Submitted by mb on
A .NET class library that implements two closely related data mining algorithms: Apriori and Apriori All. The library contains Apriori algorithm in single-thread version done exclusively in C#, and parallel version implemented by mixing C# with OpenCL. The project also includes performance analysis and comparison of both implementations of Apriori algorithm. On the other hand, Apriori All is implemented only in one-thread version at the moment. Implementation of parallel version of Apriori All algorithm is planned, but I honestly don't know when I'll get down to it.
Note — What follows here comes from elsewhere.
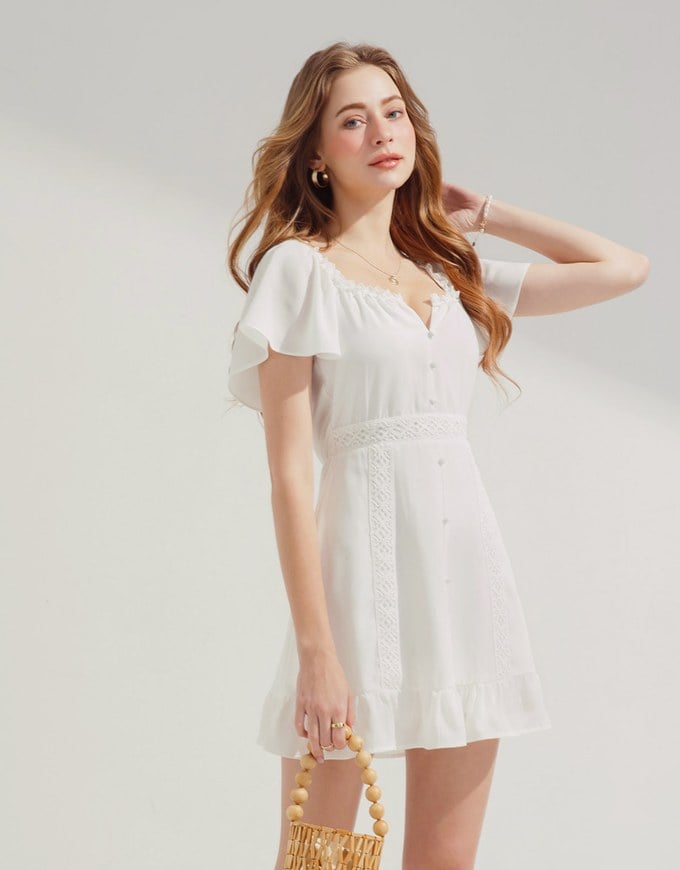 Rustic Bohême Ruffled Hem Lace Mini Dress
The library is accompanied by two programs: a benchmark tool that can measure running time for various inputs and other constraints, and a simple console application that is linked to the library so that you can see how the algorithm library can be used in practice.
Apriori
Serialized version of the algorithm was implemented by my colleague. I've implemented the parallel version. The parallelization was done using divide and conquer method, and I've mainly used general-purpose kernels like logical operators, maximum, minimum or sum. In general, implementation depends on sequential launching of parallel scan in three phases with barriers between them, until the final results are obtained.
Apriori All
My implementation of this algorithm is based on prefix trees - a data structure ideal for this algorithm. In very early version, without the prefix trees the algorithm slowed down very quickly as the database size increased. With prefix trees, the slowdown is at much lower level.
The library is capable of reading XML files with input, as well as C# arrays and any objects that implement specially designed interfaces. Implementing those interfaces is the recommended way of using the library in your project. The library depends on AbstractOpenCL - one of my largest ongoing projects.
Apriori All Lib is open-source, and of course all required binaries are provided in the repository.